Também estão nos planos da família ir além dos convites e criar, ela própria, produtos com o selo Carmen para oferecer ao mercado.
— Ela lançou a plataforma (salto alto), mas nunca vi uma coleção em sua homenagem. Vamos trabalhar nisso e correr atrás de empresas interessadas — adianta Anna Paula. — Outra ideia é montar uma linha de maquiagem em torno de Carmen, que sempre usou muitos produtos.
Ações na Justiça
A imagem da Pequena Notável parece vender tudo. Entre as marcas licenciadas, segundo o site da artista (www.carmenmiranda.com. br), há desde camisetas de malha da marca Malwee a geladeiras da Brastemp.
— Carmen é tão poderosa que virou até nome de uma rede de hortifrutigranjeiros na Espanha! — conta a sobrinha Maria Paula Richaid, que é filha da cantora Aurora Miranda, irmã mais nova de Carmen, morta em 2005. — Infelizmente esse uso não tem nossa autorização e precisará ser revisto, sempre amistosamente.
Na Justiça, além do caso Paula Lavigne, a empresa especialista em direitos autorais terá que lidar com outras quatro ações em torno de Carmen Miranda. Uma contra a Caixa Econômica Federal, que usou, sem a aprovação da família, uma imagem do filme "Alô, alô, carnaval" num bilhete de loteria. Uma ação de R$ 400 mil. Outra contra uma marca de roupas carioca que pôs à venda, também sem autorização, um chapéu que lembrava um turbante de Carmen. Os sobrinhos pedem R$ 356 mil.

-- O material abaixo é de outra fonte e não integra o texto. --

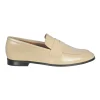 - Mocassino - 441004 - Beige^Angel Alarcon Best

Há, ainda, duas ações menores, em São Paulo, que, na opinião do novo escritório, sequer deveriam ter ido parar na Justiça. Uma tem como réu um restaurante que fez uma semana gastronômica com o nome de Carmen. A outra é contra uma loja de biquínis que fez referências a ela em sua publicidade. Na primeira ação, os herdeiros pediram R$ 50 mil. Na segunda, R$ 130 mil. Perderam as duas em primeira instância.
Agora, os herdeiros querem que o mundo saiba que há uma empresa especializada representando a família de Carmen Miranda. E que ela é autorizada a negociar. Só não topa nenhuma associação com marcas de cigarro.
Se os projetos que chegaram na última semana à UP-RIGHTS forem fechados, estão no horizonte uma coleção de biquínis, um livro infantil com a história da artista, um projeto da cantora Ná Ozetti e, ao menos, duas campanhas publicitárias.
— É comum recebermos e-mails dizendo que Carmen é patrimônio nacional, insinuando que não deveríamos cobrar nada — diz Maria Paula. — Mas Carmen não é só do Brasil.